Is this match exhaustive? Does it contain dead code? The answer will depend on whether T=i32 or T=u32, of course. But we try to run exhaustiveness checking just once, for all types, so that we can say definitely whether a fn is correct or not, regardless of what T winds up being.

The big alternatives

So what could we do differently? I think there are three big choices. Within each choice there are naturally some tweaks one might consider.

  1. Pattern conversion: The current behavior, with some tweaks.
  2. PartialEq comparison: We could compile matches against a constant to compare using the == operator, so that match foo { BAR => ... } is equivalent to match foo { bar if bar == BAR => ... }
  3. Intersection: We could make it illegal to match against constants unless they are of built-in type, like u32 or something like that f32. These types behave the same for both options 1 and 2.

UPDATE: There is a fourth case I had not considered: Pattern conversion only at trans time. Described loosely in this comment below.

Tweaks to the current behavior

If we wanted to stick with the idea that referencing a constant within a match pattern is short-hand for pattern expansion – or, to put it another way, is a kind of built-in structural equality check – then this does imply that we can never permit associated constants to appear in match patterns. As I described above, associated constants are simply incompatible with this approach, since they cannot be resolved to a specific value.

We can probably tweak some of the other cons by imposing other restrictions:

  • We can fix privacy-busting by checking the expanded patterns for privacy violations, as suggested by @petrochenkov . This means that we would prohibit constant patterns if the constant value (not the type of the constant value) contains any private fields.
  • We could prohibit constant patterns if they are defined with a const fn. This would fix encapsulation-busting.

You see a theme here: basically the current approach means that there are classes and families of constants we may want to exclude from patterns.

PartialEq comparison

The current MIR translation actually implements a variant on patterns where matching against a constant compiles down to a call to PartialEq::eq. This means that a match statement like:

match foo {
    BAR => ...
}

is compiled in roughly the same was as one that uses an if guard:

match foo {
    x if x == BAR => ...
}

Clearly this resolves the abstraction-busting point, since all equality comparisons go through ==. However, it also has other implications:

  1. Exhaustiveness checking must treat constants opaquely.
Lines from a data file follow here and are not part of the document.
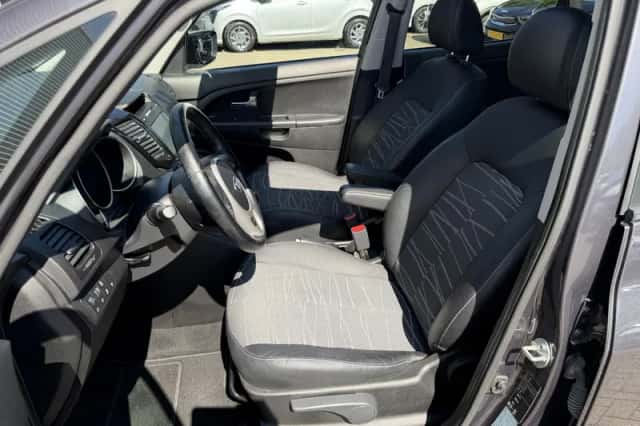 Kia Venga (2017) thumbnail 9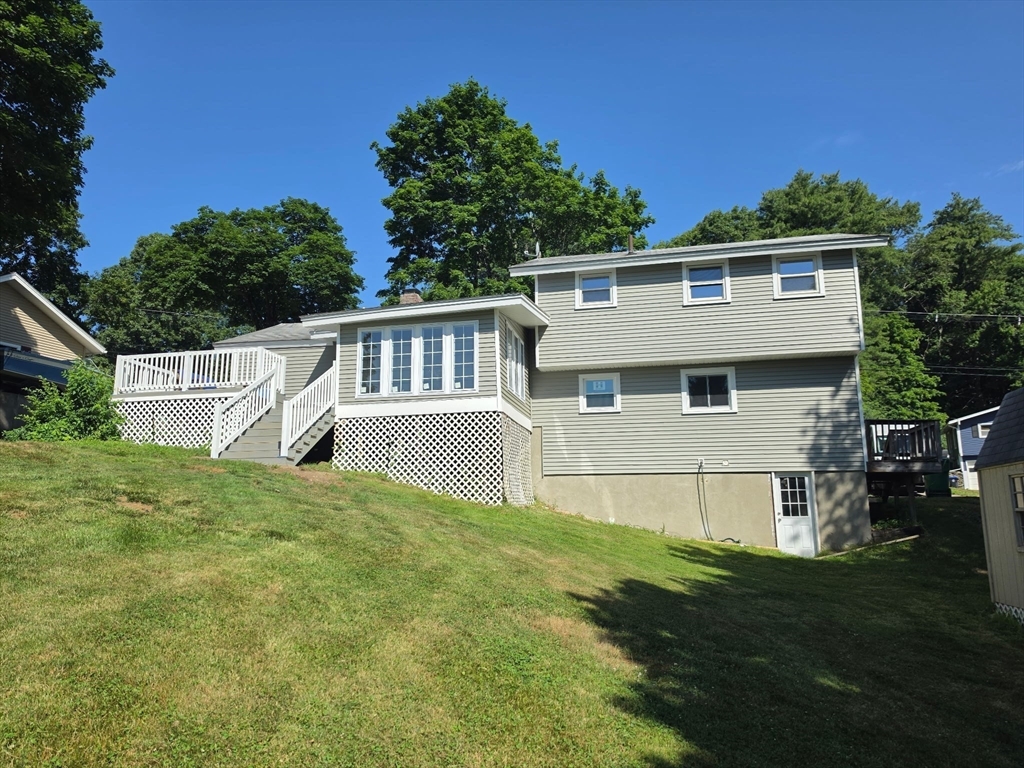 9 Champlain Dr. Property Photo 5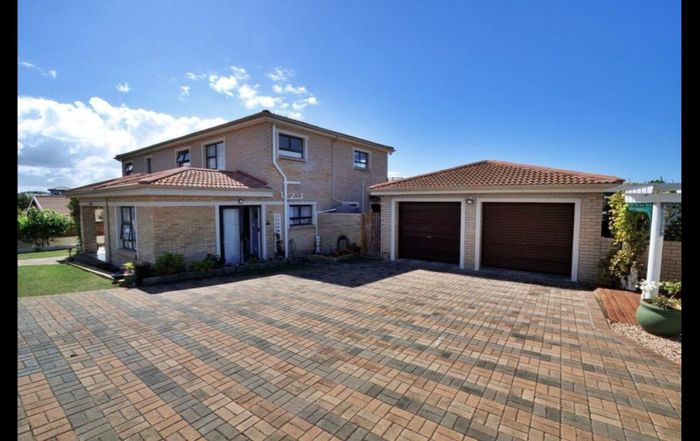 Spacious 5-bedroom house in Stilbaai Wes, perfect for extended families. For Sale.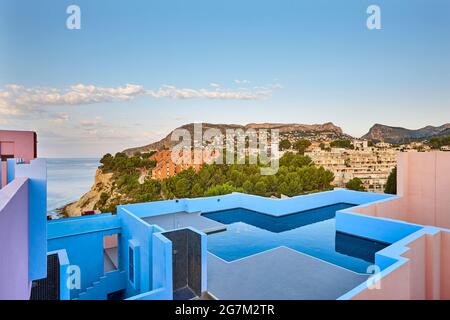 Geometrisch farbiger Gebäudeentwurf. Swimmingpool. Rote Wand. Calpe, Spanien Stockfoto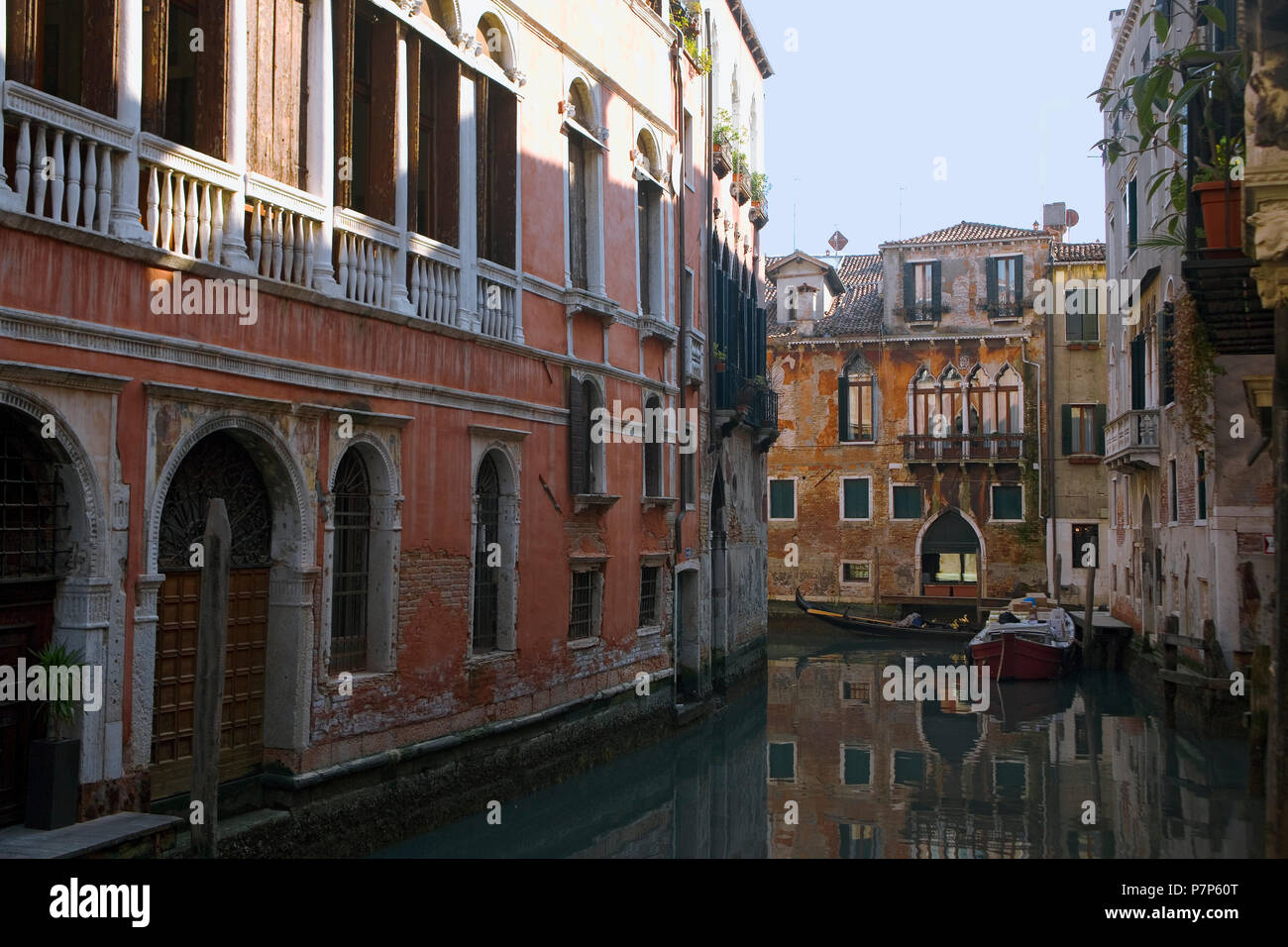 Rio dei Barcaroli, San Marco, Venezia, Italia: Un tranquillo canale sul mare vicino al cuore di venezia Foto Stock
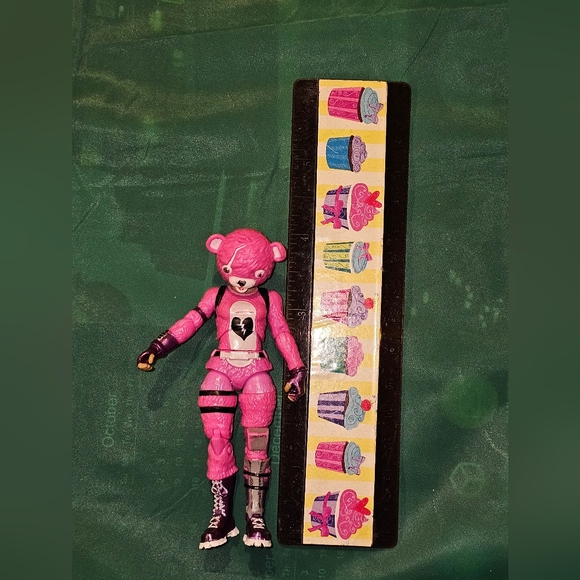 !SOLD! Ultimate Action Figure Collection - Multicolor - Picture 3 of 3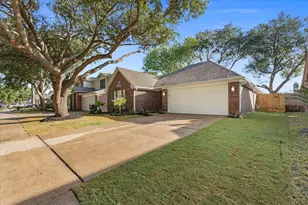 12626 Duchess Ln, Houston, TX 77070 - Photo 2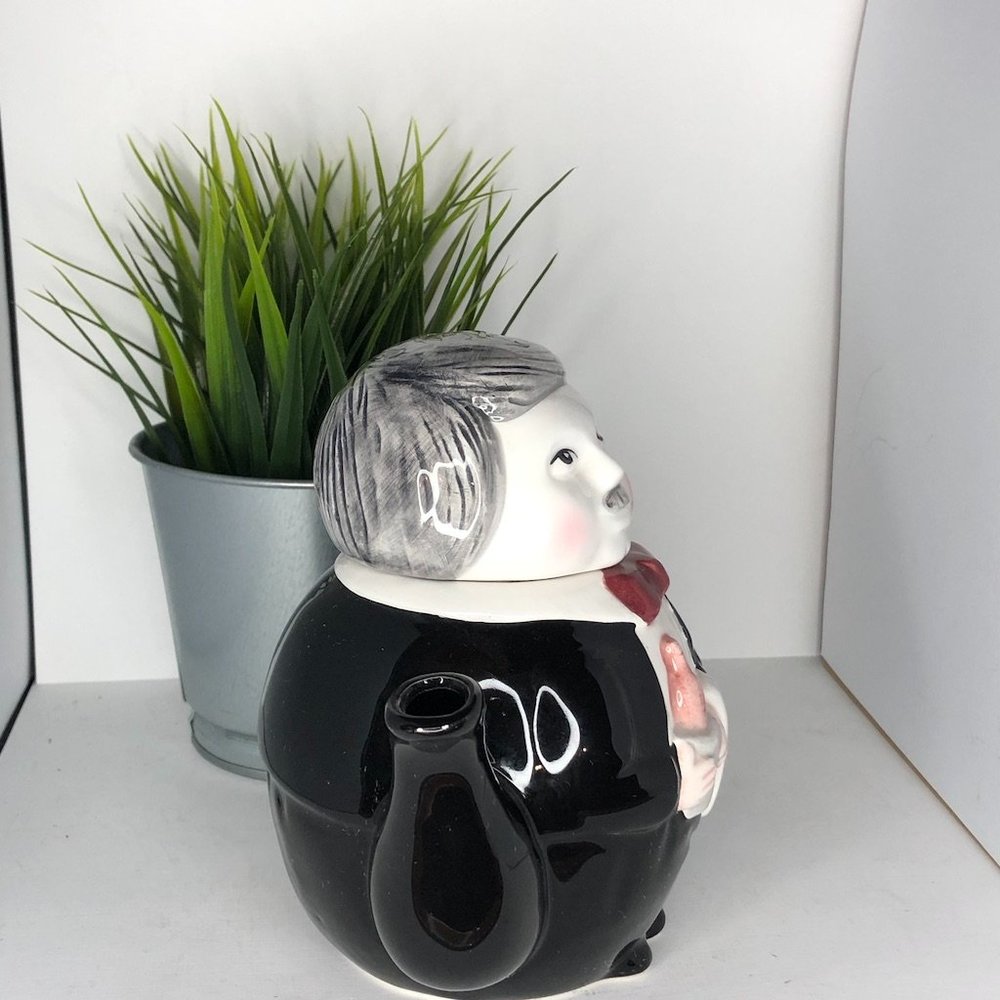 OCI Omnibus Vintage Butler Teapot - Picture 5 of 7
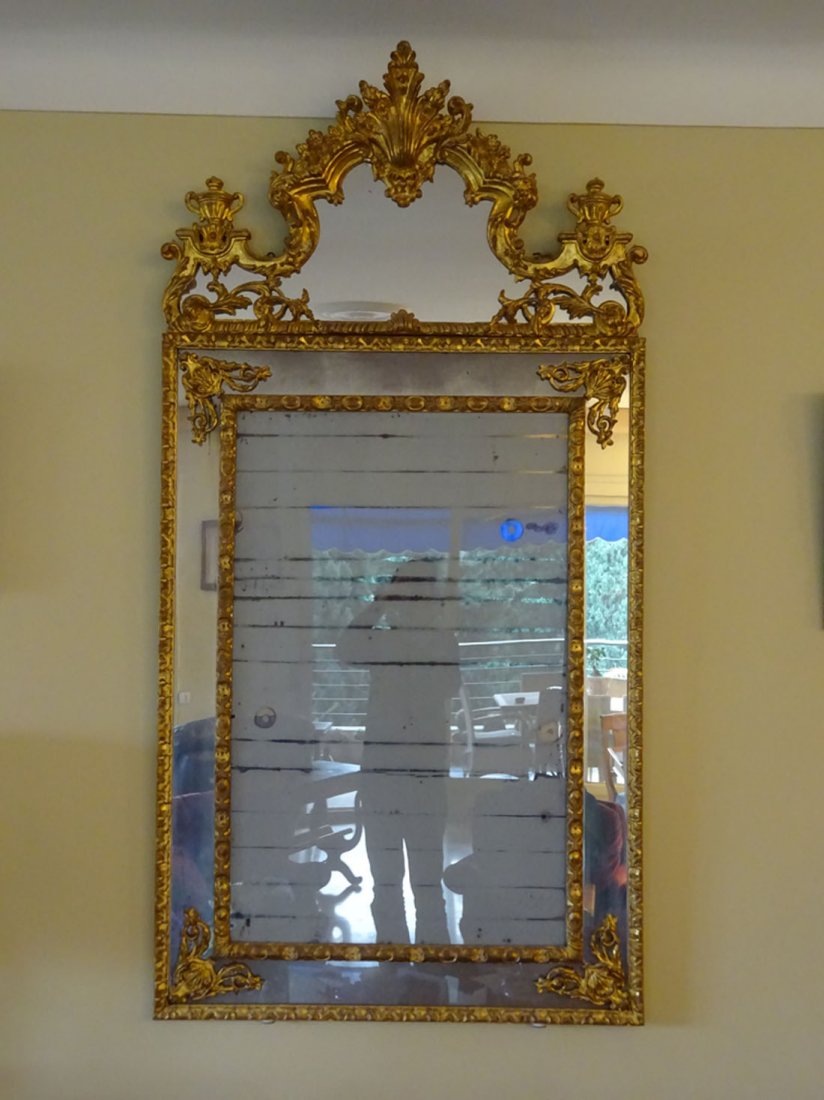 Mobilier Ancien: MIROIR rectangulaire parcloses en bois et stuc dor dcor d'oves et d'agrafes feuillages ; le fronton prsente des guirlandes de feuilles d'acanthes et deux vases couverts anses en partie latral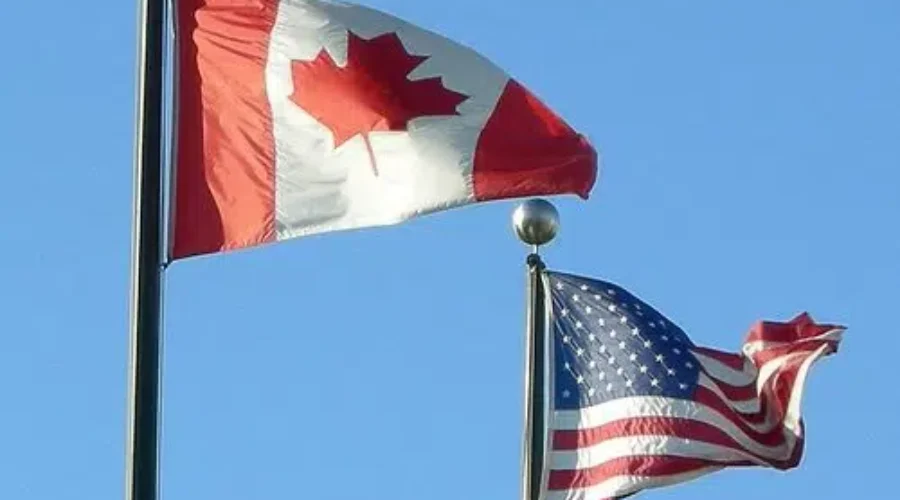 3054417505_7261918945-e1546893768885-1 COVID-19 Closes Canada-US Border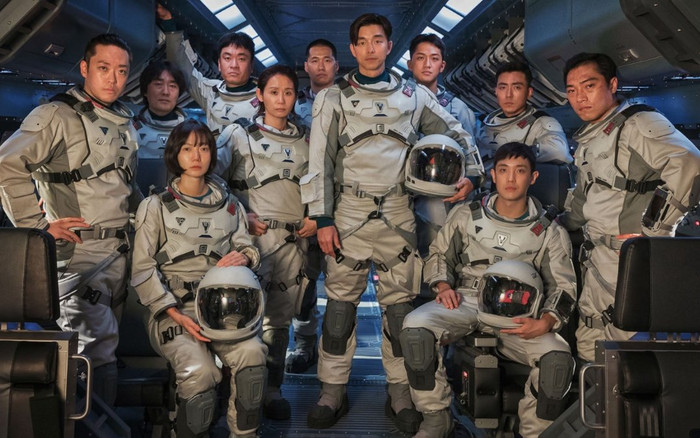 Phim 'The Silent Sea' của Gong Yoo ấn định ngày phát hành: 'Chú đa cấp' đã trở lại và lợi hại hơn xưa! Ảnh 2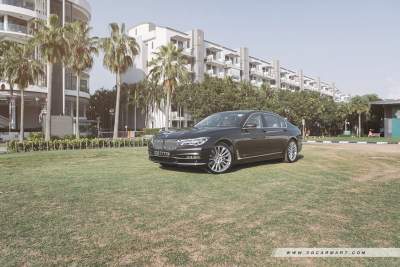 sgCarMart explores: BMW's Remote Control Parking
This is both good and bad. For example, it resolves the privacy-busting and encapsulation-busting points, but it may also be annoying in some cases and require an extra _ arm. I consider this to be a net improvement however, particularly since it is unusual that one can fully and exhaustively match against constants. Basically it only happens with bool values.
  2. Generated code can be less efficient. Because the == operator is defined by user code, we have to be more conservative; we can’t extract out the value of a field and switch on that, instead we have to consecutively execute comparisons (after all, we don’t know that the PartialEq code considers that particular field). We might be able to solve this by detecting when PartialEq is defined by deriving and optimizing those cases, since then we know the semantics.
  3. Associated constants – indeed all constants – work just fine. Because we are not trying to build a pattern, we can wait until trans time to evaluate the constant, and hence it works fine with associated constants and other similar extensions.
  4. Some constants will never match. As a simple example, consider matching against NaN (remember that NaN == NaN is false). Today, we report this as a compilation error, but that is not possible if we haven’t fully evaluated every constant to a value. So instead it would just never match. The same might be true for broken PartialEq impls.

Even here, there are also some variants one might consider. In particular, @pnkfelix proposed at one point restricting constants to types that implement Eq rather than PartialEq, which would rule out matching on floating point (probably not a best practice in any case).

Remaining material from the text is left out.